> [WORK REQUEST] The answer should be an exact repeat of the stretch of material below from the line containing "CAP ASSY TANGKI" through the line containing "Bali Blue Pearl".

> [INPUT DATA]
· · · · · · ·
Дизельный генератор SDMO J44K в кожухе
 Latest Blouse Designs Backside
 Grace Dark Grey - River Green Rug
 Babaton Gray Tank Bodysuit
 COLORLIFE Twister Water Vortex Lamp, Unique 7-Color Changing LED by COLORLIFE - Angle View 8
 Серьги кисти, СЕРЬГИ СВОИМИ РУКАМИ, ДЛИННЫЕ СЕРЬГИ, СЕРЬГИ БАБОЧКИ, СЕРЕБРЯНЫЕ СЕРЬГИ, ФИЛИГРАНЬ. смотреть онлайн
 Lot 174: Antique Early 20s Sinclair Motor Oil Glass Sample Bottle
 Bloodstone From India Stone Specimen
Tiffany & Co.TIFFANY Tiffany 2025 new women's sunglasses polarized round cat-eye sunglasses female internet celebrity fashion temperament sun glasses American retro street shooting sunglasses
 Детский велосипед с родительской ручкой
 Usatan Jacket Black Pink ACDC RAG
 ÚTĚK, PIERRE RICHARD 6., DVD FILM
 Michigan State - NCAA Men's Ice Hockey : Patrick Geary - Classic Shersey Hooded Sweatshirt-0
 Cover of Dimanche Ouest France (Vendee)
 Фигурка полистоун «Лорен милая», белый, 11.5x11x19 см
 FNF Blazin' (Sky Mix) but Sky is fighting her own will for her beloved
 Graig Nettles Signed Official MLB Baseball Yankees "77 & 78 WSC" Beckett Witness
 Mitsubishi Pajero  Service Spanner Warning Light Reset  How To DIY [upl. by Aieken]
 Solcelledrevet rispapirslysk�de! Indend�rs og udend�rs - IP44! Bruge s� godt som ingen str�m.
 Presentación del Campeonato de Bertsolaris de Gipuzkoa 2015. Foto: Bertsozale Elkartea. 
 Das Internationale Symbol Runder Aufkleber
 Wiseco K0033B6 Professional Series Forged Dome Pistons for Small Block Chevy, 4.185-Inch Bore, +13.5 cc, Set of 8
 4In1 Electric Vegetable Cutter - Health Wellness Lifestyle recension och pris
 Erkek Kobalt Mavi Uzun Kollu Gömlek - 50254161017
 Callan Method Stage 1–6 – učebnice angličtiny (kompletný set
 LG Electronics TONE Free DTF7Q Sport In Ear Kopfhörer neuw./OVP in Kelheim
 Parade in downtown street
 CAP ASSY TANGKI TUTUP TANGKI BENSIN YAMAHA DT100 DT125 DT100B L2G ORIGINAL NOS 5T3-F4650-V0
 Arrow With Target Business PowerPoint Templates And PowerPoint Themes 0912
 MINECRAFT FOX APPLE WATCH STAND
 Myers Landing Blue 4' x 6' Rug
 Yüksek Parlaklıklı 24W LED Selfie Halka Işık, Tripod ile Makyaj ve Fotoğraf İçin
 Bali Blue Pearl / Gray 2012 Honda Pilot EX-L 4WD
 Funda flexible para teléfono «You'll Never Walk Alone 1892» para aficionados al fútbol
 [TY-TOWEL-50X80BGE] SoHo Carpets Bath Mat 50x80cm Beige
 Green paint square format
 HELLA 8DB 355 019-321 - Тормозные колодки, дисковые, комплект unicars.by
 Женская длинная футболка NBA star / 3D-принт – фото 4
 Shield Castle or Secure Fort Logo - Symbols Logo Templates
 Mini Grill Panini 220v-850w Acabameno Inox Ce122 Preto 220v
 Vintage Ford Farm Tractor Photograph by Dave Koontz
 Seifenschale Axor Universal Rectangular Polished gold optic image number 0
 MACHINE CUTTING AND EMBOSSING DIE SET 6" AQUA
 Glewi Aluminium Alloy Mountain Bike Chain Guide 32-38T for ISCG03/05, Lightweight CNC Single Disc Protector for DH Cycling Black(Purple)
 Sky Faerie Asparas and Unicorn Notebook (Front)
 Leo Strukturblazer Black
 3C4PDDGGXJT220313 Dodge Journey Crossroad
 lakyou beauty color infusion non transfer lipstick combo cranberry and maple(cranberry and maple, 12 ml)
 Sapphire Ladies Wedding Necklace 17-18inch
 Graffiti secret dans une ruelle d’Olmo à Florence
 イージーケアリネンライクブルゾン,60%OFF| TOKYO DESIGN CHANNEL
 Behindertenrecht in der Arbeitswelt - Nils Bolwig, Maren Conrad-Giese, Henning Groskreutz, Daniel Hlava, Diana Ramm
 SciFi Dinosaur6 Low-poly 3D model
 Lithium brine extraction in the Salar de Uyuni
· · · · · · ·
> [SOLUTION TO THE EXERCISE]
 CAP ASSY TANGKI TUTUP TANGKI BENSIN YAMAHA DT100 DT125 DT100B L2G ORIGINAL NOS 5T3-F4650-V0
 Arrow With Target Business PowerPoint Templates And PowerPoint Themes 0912
 MINECRAFT FOX APPLE WATCH STAND
 Myers Landing Blue 4' x 6' Rug
 Yüksek Parlaklıklı 24W LED Selfie Halka Işık, Tripod ile Makyaj ve Fotoğraf İçin
 Bali Blue Pearl / Gray 2012 Honda Pilot EX-L 4WD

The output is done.